Write back, word for word, the lines from the one containing "All Cotton Banded" to the end of the listing below. Include nothing else, and no pictures.

====== COLLECTED MATERIAL

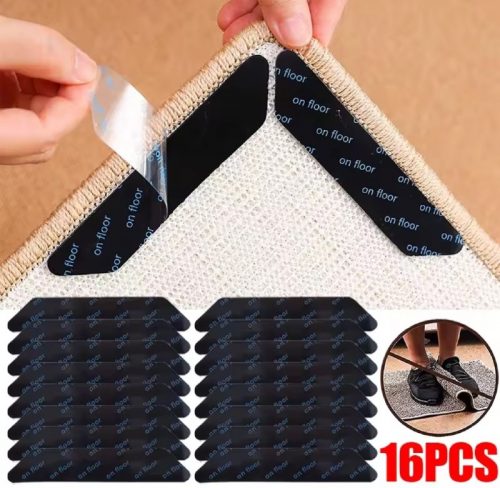 רק 2.3$/7 ש״ח לסט של 8 מדבקות דו־צדדיות לשטיחים – למניעת החלקה, מתקפלות וניתנות לשטיפה לשימוש חוזר!!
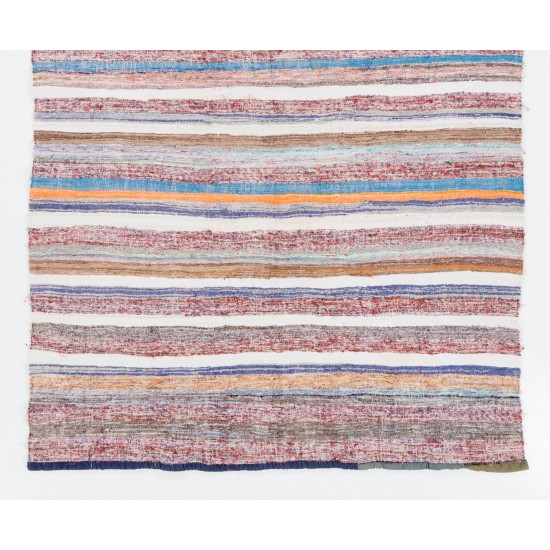 Banded Hand-woven Vintage Central Anatolian Kilim (Flat-weave), All Cotton Banded Hand-woven Vintage Central Anatolian Kilim (Flat-weave), All Cotton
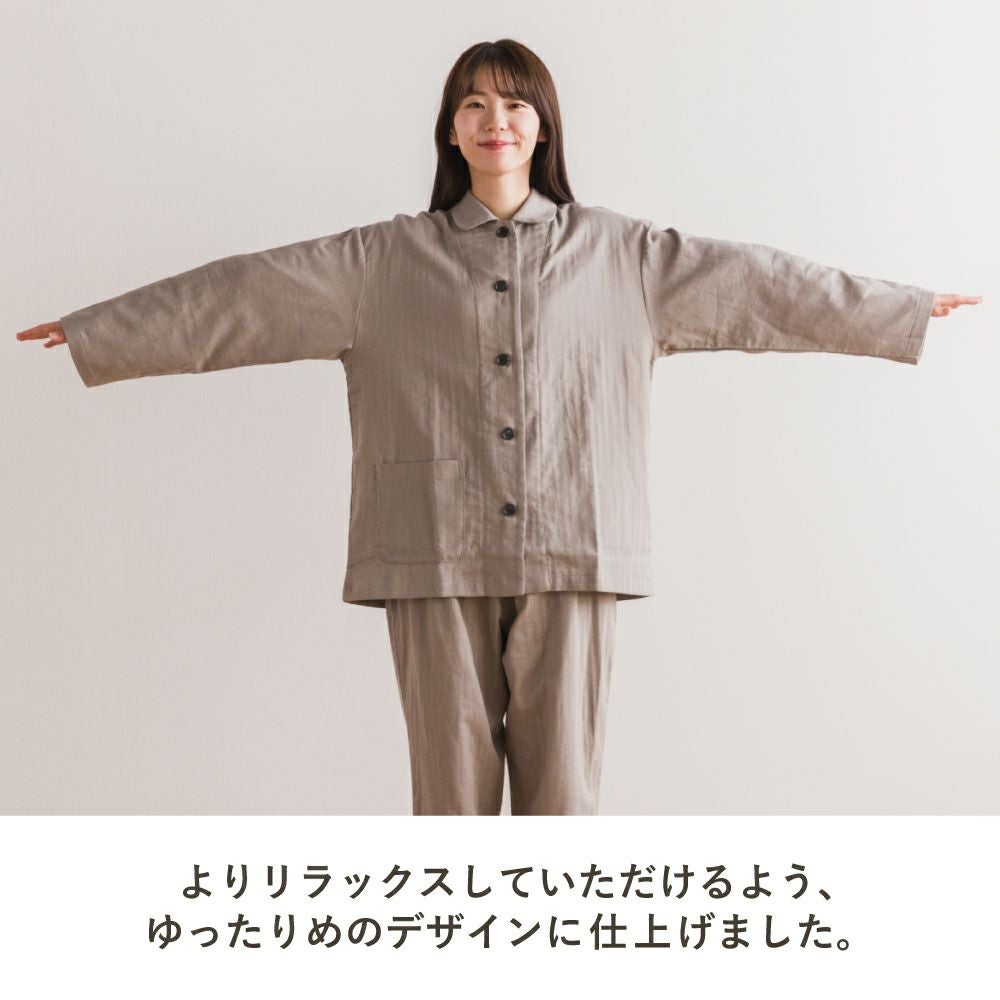 Wasaraf 和さらし2重ガーゼ長袖パジャマ【2枚以上購入でまとめ割☆最大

============

## RESPONSE TO THE TASK
 Banded Hand-woven Vintage Central Anatolian Kilim (Flat-weave), All Cotton Banded Hand-woven Vintage Central Anatolian Kilim (Flat-weave), All Cotton
 Wasaraf 和さらし2重ガーゼ長袖パジャマ【2枚以上購入でまとめ割☆最大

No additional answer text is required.